DATA SECTION:
***
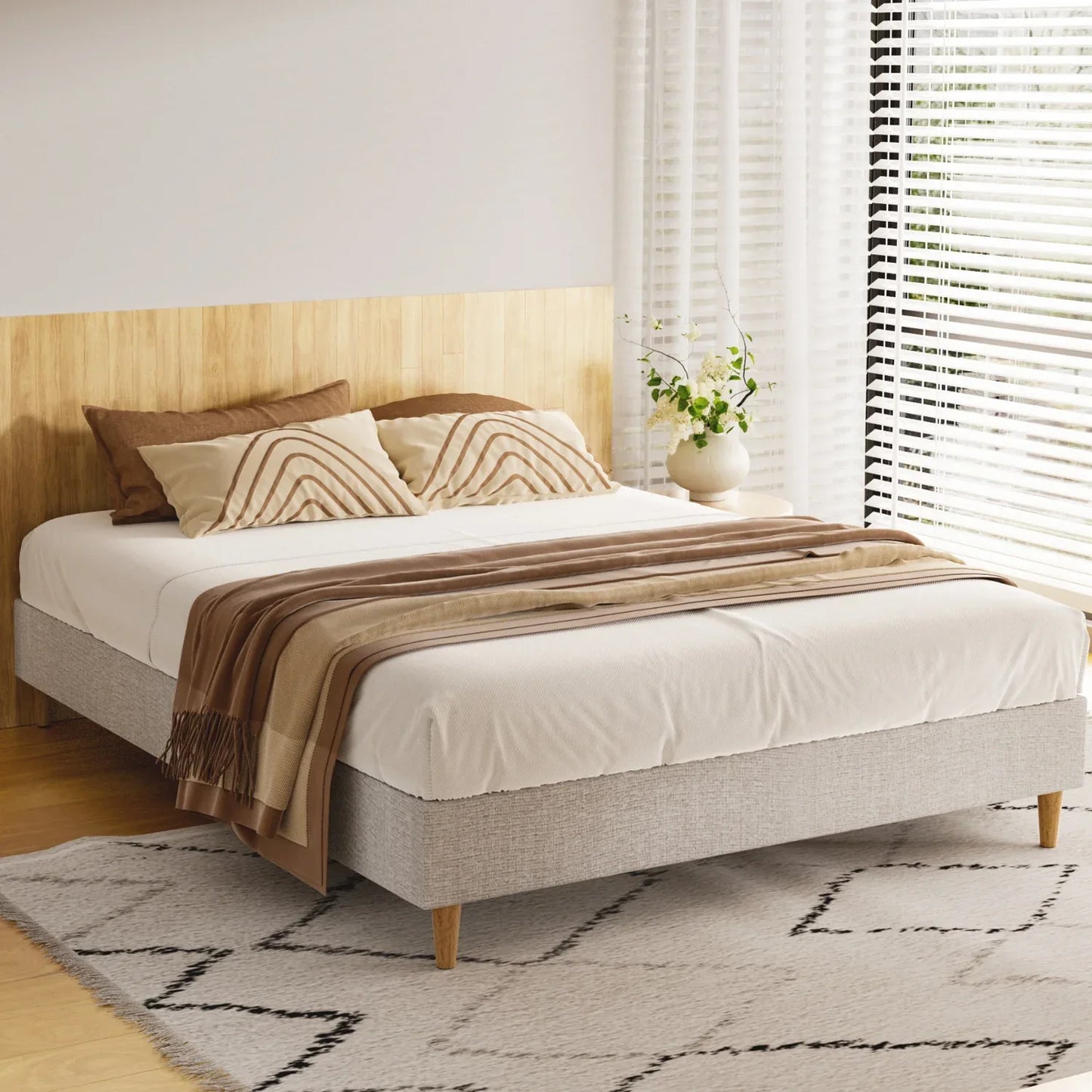Artiss Bed Frame Double Size Beige ZORA - Mekamart Australia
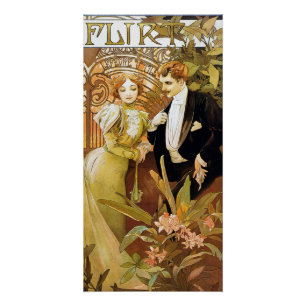 Alphonse Mucha Flirt  Romantic Art Nouveau Poster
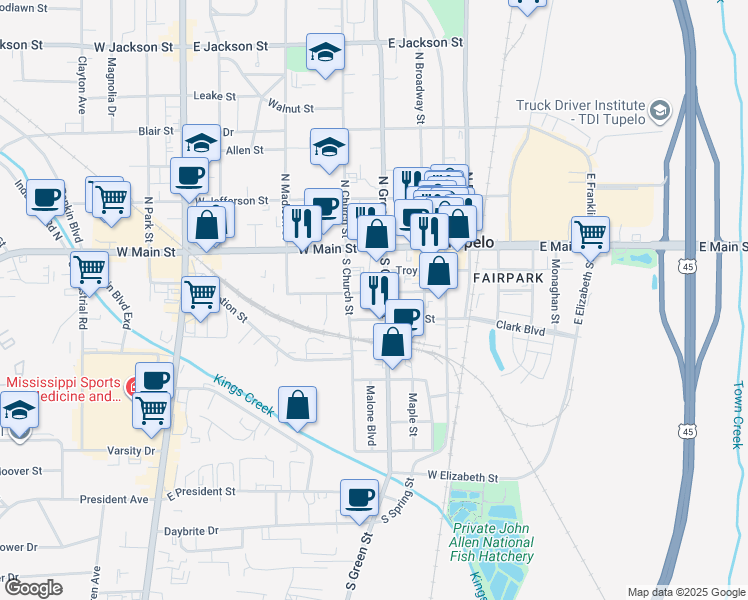 map of restaurants, bars, coffee shops, grocery stores, and more near 151 South Green Street in Tupelo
***
DIRECTIONS FOR THIS TASK: Word for word, restate all of the material above except its pictures.

ANSWER TO THIS PROBLEM:
Artiss Bed Frame Double Size Beige ZORA - Mekamart Australia
 Alphonse Mucha Flirt  Romantic Art Nouveau Poster
 map of restaurants, bars, coffee shops, grocery stores, and more near 151 South Green Street in Tupelo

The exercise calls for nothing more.